Albert takes her characters even further away from your standard white male could be mistaken for straight romcom lead. We have Brady, the bisexual barista taking care of his four siblings after his parents untimely deaths, and Ev, the yarn store owner’s dedicated nephew who has come back to Portland because she’s dying of cancer who was originally sent from his home in Turkey because he was caught making out with a male friend.
Needless to say there’s a lot going on in this book. It wasn’t quite as bad as that makes it sound, but with so much baggage going in how can these characters EVER get together? But wait…there’s more:
“Evren’s frown deepened. ‘I do not usually do casual. Or bisexual.’ ‘You don’t do bi?’ I gaped at him, my jaw seriously hanging open. I could get not doing casual—more power to him. If my life had any room in it, which it most certainly did not, I wouldn’t do casual anymore either. But bi? What the fuck? Bi erasure was so five years ago. Ev needed to join this decade.” (Loc. 296)
Albert decided to include some bi-phobia to make it even heavier. As much as I appreciated this inclusion, as I’m writing this I honestly can’t remember whether or not it was resolved/successfully addressed. I mean they do get together, but I can’t remember if this was addressed at all.
I appreciated that this book was less sex driven than the other books. There were still a few hot and steamy scenes, but there were definitely fewer. The lack of sex came from the situations Ev and Brady found themselves, but also because of Ev’s weird hangups about Brady’s bisexuality, his cleanliness thing, and his machismo upbringing in Turkey. It weirdly worked as I was reading it, but sounds weird looking back.
“Randy was a bit unpredictable, and not as caring as Chris, Randy’s ex-partner, who’d managed this location for as long as I’d been here before moving away with his new boyfriend last year.” (Loc. 205)
“…including both stationery store owners, who were managing to stand near each other without flames darting from their eyes.” (Loc. 1,700)
Recommendation: I liked that these characters weren’t your single men looking for a fling, but at the same time I felt like Albert had a weird agenda (maybe not weird, but I don’t have another word for it) that she decided to introduce into the series. Still worth the read and still blush-inducing.

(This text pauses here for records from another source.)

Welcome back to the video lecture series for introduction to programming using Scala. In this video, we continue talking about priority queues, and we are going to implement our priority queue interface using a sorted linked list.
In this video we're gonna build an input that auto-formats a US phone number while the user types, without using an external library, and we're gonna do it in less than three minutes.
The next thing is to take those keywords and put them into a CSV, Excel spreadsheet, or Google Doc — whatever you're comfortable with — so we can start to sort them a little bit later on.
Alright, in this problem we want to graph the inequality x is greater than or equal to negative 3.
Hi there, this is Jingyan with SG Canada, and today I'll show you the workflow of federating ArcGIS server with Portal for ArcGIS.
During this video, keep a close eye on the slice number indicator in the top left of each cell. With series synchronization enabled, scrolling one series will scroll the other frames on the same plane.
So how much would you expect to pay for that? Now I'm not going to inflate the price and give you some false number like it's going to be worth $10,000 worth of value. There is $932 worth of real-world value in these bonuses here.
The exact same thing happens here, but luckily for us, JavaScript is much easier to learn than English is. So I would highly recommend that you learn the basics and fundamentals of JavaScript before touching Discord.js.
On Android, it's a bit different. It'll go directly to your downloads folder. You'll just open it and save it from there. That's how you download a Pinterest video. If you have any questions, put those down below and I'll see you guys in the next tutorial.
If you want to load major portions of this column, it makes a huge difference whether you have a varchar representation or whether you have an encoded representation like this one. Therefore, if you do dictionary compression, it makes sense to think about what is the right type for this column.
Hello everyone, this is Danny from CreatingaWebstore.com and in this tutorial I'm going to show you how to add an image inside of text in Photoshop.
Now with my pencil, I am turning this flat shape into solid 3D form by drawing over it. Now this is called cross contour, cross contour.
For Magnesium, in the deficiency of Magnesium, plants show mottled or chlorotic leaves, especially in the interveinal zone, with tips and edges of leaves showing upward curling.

Opening Line: “‘You’re my favorite barista,’ the girl said with a self-conscious giggle.”
Closing Line: “As we pulled apart, I laughed. ‘I freaking love Knit Night.'” (Whited out to avoid spoilers, highlight to read.)
Other Books in the Portland Heat Series
Additional Quotes from Knit Tight
“It was a sign of how starved I was for adult contact that that sounded as good as a plate of wings and an icy brew. I quickly exchanged numbers with him before the next customer arrived and went home smiling. I had a date. Sort of. A phone date. A friends-only phone date, but it was more excitement than my Fridays had held in a long time.” (Loc. 434)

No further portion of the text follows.